Referring now to FIG. 2, a block diagram depicts a storage controller 28 that arbitrates storage tasks between one or more solid state drives 12 and one or more hard disk drives 14. For example, storage controller 28 has a network interface to support communications over a network 34, such as a storage area network (SAN). Solid state drives 12 and hard disk drives 14 communicated through storage device interfaces 36 to accept storage tasks as assigned by storage arbitrator 30. A detector 32 determines the type of storage device coupled to each interface 36 so that arbitrator 30 assigns storage tasks to each type of storage device based on predetermined factors. For example, frequently accessed information is stored in solid state drives 12 which remain powered on while less-frequently accessed information is stored in hard disk drives 14, which may be powered down to reduce power consumption.

Referring now to FIG. 3, a flow diagram depicts a process for arbitrating storage tasks between a solid state drive and a hard disk drive. Storage devices transition between a performance mode 38, a balanced mode 40 and a power savings mode 42. The process starts at step 44 with initiation of a solid state drive and a hard disk drive in a RAID configuration. At step 46, power is limited, such as by removal of external power from a portable information handling system. At step 48, a determination is made of the type of operating mode that is selected. If a performance mode is selected to provide maximized information security, the process continues to step 49 to have both storage devices remain powered up and in the RAID configuration.
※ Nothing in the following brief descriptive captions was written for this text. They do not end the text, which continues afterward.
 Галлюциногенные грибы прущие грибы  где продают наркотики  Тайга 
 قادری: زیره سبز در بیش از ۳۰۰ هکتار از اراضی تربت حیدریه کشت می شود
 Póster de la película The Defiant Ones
If at step 48 a power savings mode is determined, the process continues to step 50 to power down the hard disk drive so that only the solid state drive runs. At step 52, a log is made of changes to the solid state drive image. At step 54, a determination is made of whether external power has returned. If not, the process returns to step 52 to continue logging changes made to the solid state drive. If at step 54 external power returns, the process continues to step 56 to power up the hard disk drive and to step 58 to mirror new data from the solid state drive to the hard disk drive based on the log.

If at step 48, a balance mode of operation is selected, the process continues to step 60 to power down the hard disk drive and run only the solid state drive. At step 62, changes made to the solid state are logged. At step 64, a determination is made of whether a data threshold is exceeded, such as greater than a predetermined number of writes to the solid state drive. If no, the process continues to step 66 to determine if external power is returned. If external power is not returned, the process continues to step 62 to continue to log changes made to the solid state drive. If external power is returned, the process continues to step 56. If at step 64 the data threshold is exceeded, the process continues to step 68 to power up the hard disk drive. At step 70, the new data written to the solid state drive is mirrored to the hard disk drive with the log. At step 72, a determination is made of whether external power is returned. If external power is not returned, the process continues to step 60 to keep the HDD powered down and run with only the SSD. If external power is returned, the process continues to step 44.
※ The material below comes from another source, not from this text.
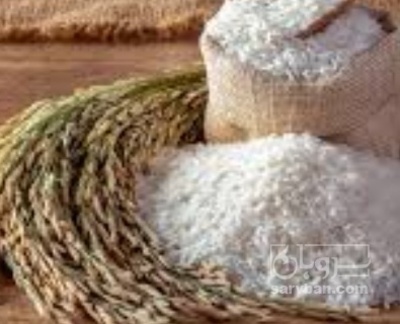 فروش برنج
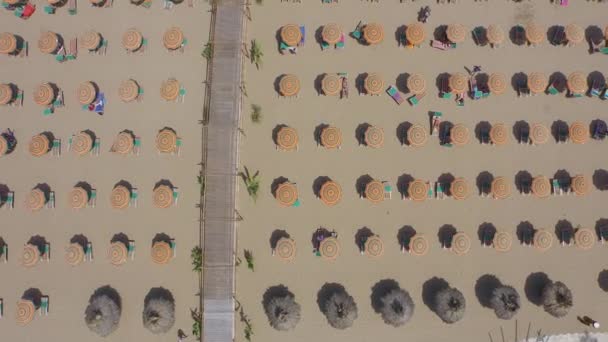 Vue Aérienne Des Parasols Chaises Longues Bord Mer — Video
Although the present invention has been described in detail, it should be understood that various changes, substitutions, and alterations can be made hereto without departing from the spirit and scope of the invention as defined by the appended claims.

Claims

1. An information handling system comprising: a processor operable to process information and to generate a storage task;a hard disk drive interfaced with the processor, the hard disk drive operable to store information on a rotating magnetic disk and to perform the storage task;a solid state drive interfaced with the processor, the solid state drive operable to store information in flash memory and to perform the storage task; anda storage arbitrator interfaced with the hard disk drive and the solid state drive, the storage arbitrator operable to select one of the hard disk drive or the solid state drive to perform a predetermined task based on one or more factors.

2. The information handling system of claim 1 further comprising a RAID controller interfaced with the hard disk drive and the solid state drive, the RAID controller operable to mirror information stored on the hard disk drive and the solid state drive.

3. The information handling system of claim 2 further comprising plural solid state drives and plural partitions in the hard disk drive, the RAID controller operable to mirror each of the solid state drives on a partition of the hard disk drive.

4. The information handling system of claim 2 wherein the predetermined task comprises a read of information and the factors comprise sequential storage of the information, the storage arbiter selecting the hard disk drive to read the information.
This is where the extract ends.